Imagine, standing in front of a castle in a beautiful gown. After hours of primping, the princess is ready. The sound of a galloping horse coming down the road engulfs the air and Prince Charming arrives. Later Prince and the Princess ride off into the sunset.

Or, imagine training all season to earn a spot on a professional football team. The football player has been waiting a lifetime for this chance and now it has become a reality. All the long hours, hard workouts and late practices have all come down to this moment; it was all worth it.

These scenarios can be enhanced through the power of reading. Lifelong dreams can become a certainty through daily reading. Traveling all over the world, discovering an unknown creature, or building a vocabulary for a SAT test can be possible through a good book. One of the best weapons against illiteracy is regularly reading.
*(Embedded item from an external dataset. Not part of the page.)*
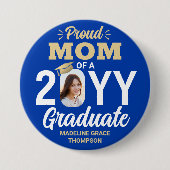 Graduate Photo Proud Mom Modern Royal Blue & Gold Ronde Button 7,6 Cm (Voorkant)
A recent study at Rialto Unified School District in San Bernardino shows that their students reach the climax of their reading capability at the end of their elementary school years, and begin to plummet, as they move from junior high to high school. (

Some students on campus are not to keen on reading or think it is a waste of time. But there are the others who love to read and cannot wait to be supplied with new literature.

In an informal poll on campus, 40 out of 50 respondents said, “Yes, I like to read.” Some of the more popular books were: The Lord of The Rings, Harry Potter and Star Wars. However some students said that they did not read unless it was a school assignment and, even then, that was a stretch.

In the past, high school teachers have focused more on English grammar, and literature. Due to recent scores, Rialto schools are trying to advert their attention back to the basics of reading. The study showed that reading development is highest in grades 6 and 9 for students whose resident language is English. The study showed a substantial decrease in reading skill in grades 9 and 10.

“Our high school principals want to learn how to channel students interests so that they can balance their social activities with their studies,” Michael Brown, the Rialto Unified School District’s assistant superintendent said. “Some of their energies may be directed in grades 9 and 10 to other interests. Social relationships, stresses, and extra-curricular activities preoccupy their time, and academic interests come in third.”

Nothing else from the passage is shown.